Mortgage executives must navigate unpredictable market cycles, especially interest rate fluctuations, by leveraging outsourcing partnerships.
Business executives spend a good portion of their time planning and preparing for an uncertain future. Having a well-rounded idea of what’s coming next helps them create plans that are more likely to keep the company profitable if the business turns. Guessing wrong will leave them unprepared or, worse, unable to cope with it.
In the mortgage business we have it better. And worse.
Our business is cyclical. It follows a predictable pattern. In the 1900s, that cycle rolled like clockwork and executives could pretty much count on when the cycle would turn. That all changed with the subprime crisis.
Today, the government holds the keys to the levers that control our economy, even if it sometimes seems like the Fed is using the wrong set of keys. It’s much more difficult to predict these days when the cycle will turn.
A perfect example came last December when the Fed seemed to be signaling a reduction in interest rates in the near term. The most recent signals indicate that this was premature.
There is only one thing we know for certain right now: interest rates will eventually fall. Lenders should start preparing for that now.
Every experienced mortgage executive knows that homeowners have been well-trained to come back to the closing table when rates fall. In the runup to the financial crash, some borrowers were refinancing two or three times each year.
When rates fall back below 5%, it will happen again.
Call center managers and sales leaders who have navigated previous rate drops know the challenges this will bring. When rates fall fast, volume can skyrocket virtually overnight, requiring an urgent ramp-up in capacity.
We’ve been here before, too. The downside is that when volumes fall, the industry will have excess capacity which must be swiftly reduced to control costs. This boom-and-bust staffing model strains budgets and morale. It also takes a toll on the company’s reputation.

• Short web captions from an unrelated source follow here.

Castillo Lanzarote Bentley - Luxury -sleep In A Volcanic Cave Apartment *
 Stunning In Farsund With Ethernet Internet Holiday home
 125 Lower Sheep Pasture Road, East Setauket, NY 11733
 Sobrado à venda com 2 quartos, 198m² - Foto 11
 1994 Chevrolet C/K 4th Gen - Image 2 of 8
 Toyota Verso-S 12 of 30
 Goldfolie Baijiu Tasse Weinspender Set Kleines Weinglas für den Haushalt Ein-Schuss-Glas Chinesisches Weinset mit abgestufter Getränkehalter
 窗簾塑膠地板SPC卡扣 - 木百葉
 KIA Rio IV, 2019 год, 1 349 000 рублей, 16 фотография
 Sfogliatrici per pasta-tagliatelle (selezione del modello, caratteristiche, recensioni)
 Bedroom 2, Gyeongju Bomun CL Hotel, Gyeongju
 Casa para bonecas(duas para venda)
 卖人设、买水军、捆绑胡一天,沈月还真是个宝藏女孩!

There is a better way, but it requires some preparation now.
Rather than going back through the same broken process of hiring and firing to match fluctuating demand, lenders should be strategic by preparing now. This means putting the right partnerships in place before rates drop to allow for smooth scaling at a fraction of the cost.
The key to performing well when the business returns is retaining top talent while establishing solid outsourcing relationships.
A core group of skilled domain experts anchors internal operations and handles complex cases. Trusted onshore and offshore partners then provide supplemental capacity that can be adjusted nimbly. This blended approach brings speed, quality, and savings compared to the old way of hiring and firing staff. Well-integrated outsourcing mitigates disruption and the high costs of severance.
Outsourcing teams can be easily trained on a lender's specific systems and processes. They have systems in place that allow them to expand and contract capacity faster than lenders can. This will be a major advantage for lenders that prepare when rates swing.
Lenders should be proactively vetting and onboarding potential partners now, not waiting to react when rates fall.
The argument I often hear is that outsourcing simply layers on costs that eat away at the lender’s margin. The truth is that the benefits outweigh the costs when the lender factors in savings from recruiting, hiring, training, and severance. Outsourcing also provides valuable workforce flexibility lenders cannot match internally.
Given today's talent challenges and budget constraints, outsourcing and workforce agility are imperative. For leaders who have endured multiple rate cycles, the time to prepare partnerships is now, not after demand surges.
Those who prepare now will be the leaders when the business turns. That’s something you can be certain about.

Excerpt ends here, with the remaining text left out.